Paris, XXème arrondissement, collège de la Grange-aux-belles. L’action se déroule dans une classe d’accueil. Vingt-quatre élèves de tous horizons s’y côtoient et vont passer un an ensemble. L’objectif pour tous est d’apprendre le français, cette nouvelle langue qui s’est imposée dans leur vie après leur installation dans le pays, et de s’insérer doucement dans le cursus classique de l’Éducation nationale.

Irlandais, Mauritanien, Serbe, Ukrainien, Chinois, Chilien, Polonais, Malien, Brésilien, Guinéen,.., c’est un melting-pot de nationalités où chacun doit apprendre à vivre avec l’autre. Chacun porte avec lui son bagage, la raison du déracinement de son pays plus ou moins bien vécue.

Pendant une année, la progression des élèves se déroule devant la caméra. Ils sont tous marqués d’une envie de communiquer dans leur nouvelle langue et de ne plus être montrés du doigt dans la cour parce qu’ils sont différents. Ils dépassent leur propres difficultés : telle a d’énormes lacunes car dans son pays son père ne lui permettait pas d’aller à l’école ; telle autre a choisi de rejoindre son père roumain pour s’ouvrir de meilleures perspectives d’avenir ; un autre a travaillé son violoncelle dix heures par jour pendant trois mois avant son départ pour pouvoir intégrer le conservatoire de musique… Et il y a aussi ceux qui ne sont pas encore certains de rester. C’est le cas de ce jeune Serbe dont la famille juive a fui le pays car menacé par des néo-nazis. Seul membre à se débrouiller en français, il doit remplir les dossiers de demande d’asile auprès de l’OFPRA au détriment de son travail scolaire. Il y aussi cette jeune femme qui déménage en cours d’année car sa famille est relogée à Verdun dans un appartement du CADA. Chaque séparation est une nouvelle rupture douloureuse dans la vie de ces jeunes qui n’ont pas forcément eu le choix du départ.

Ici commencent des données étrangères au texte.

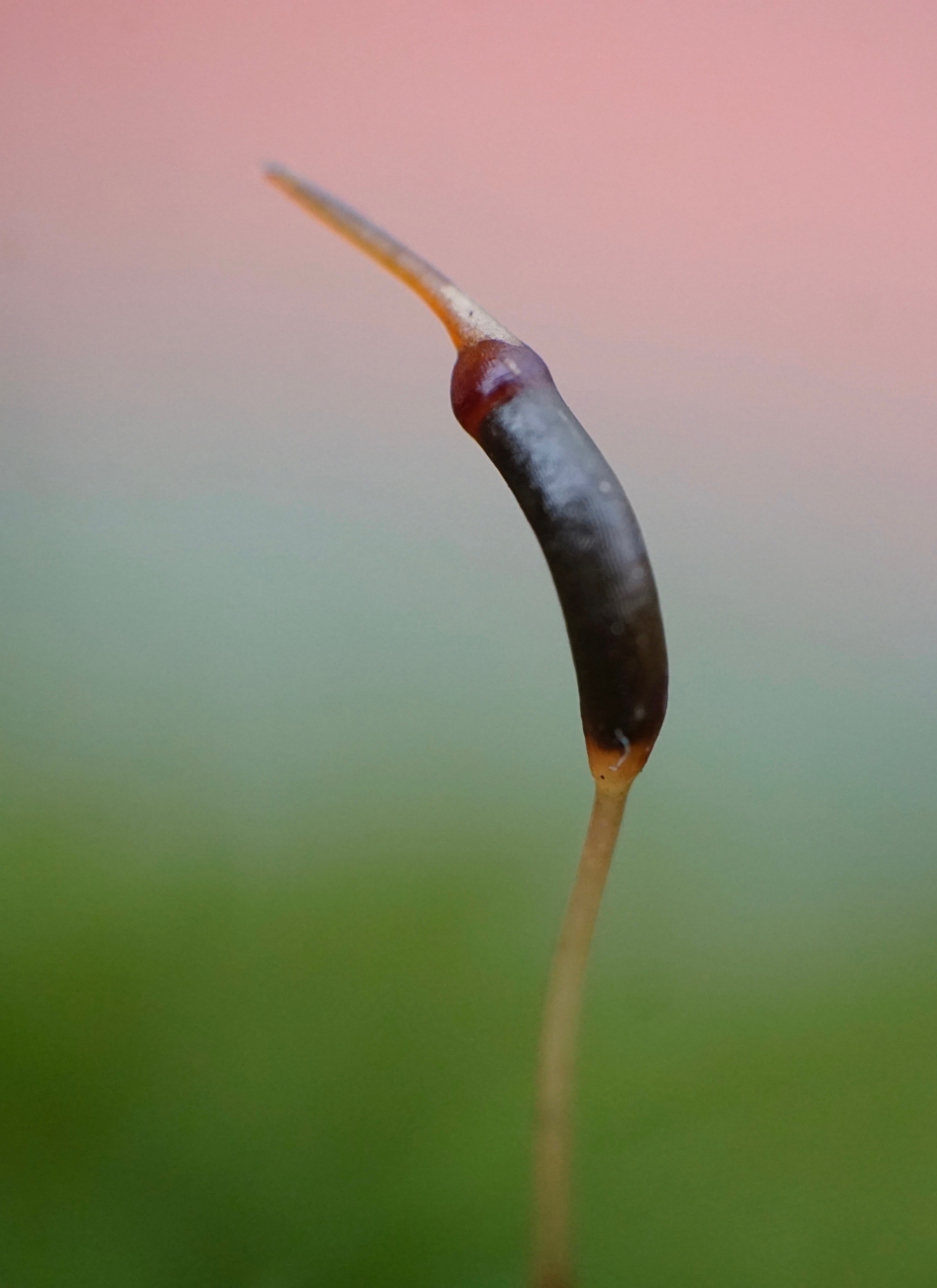 Practisch - Planten - Sporenkapsel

Malgré leurs blessures et le handicap de la langue, le soutien et l’accompagnement de leur professeure, Brigitte Cervoni, les guident dans leur nouvelle vie. Etre ensemble pour se soutenir pendant cette première année sur un nouveau territoire devient une force. Chaque petite réussite est un grand pas en avant dans cette nouvelle vie. Chaque réussite d’un des camarades est partagée par l’ensemble de la classe.

Dans ce film, aucun commentaire intempestif. Seuls élèves et professeure s’expriment. Aucun jugement non plus. Des discussions ouvertes où chacun essaye de comprendre comment le monde fonctionne, comment avoir une culture différente de son voisin n’est pas source de conflit et peut se vivre bien. L’émotion est à fleur de peau, les larmes jamais loin, les coups de gueule aussi.

L’année se termine. A la rentrée, chacun prendra sa place dans le cursus classique de l’Education Nationale. C’est une séparation douloureuse pour chacun d’entre eux, mais nul doute qu’ils retiendront pour toujours que la différence n’est pas un handicap mais une source d’enrichissements.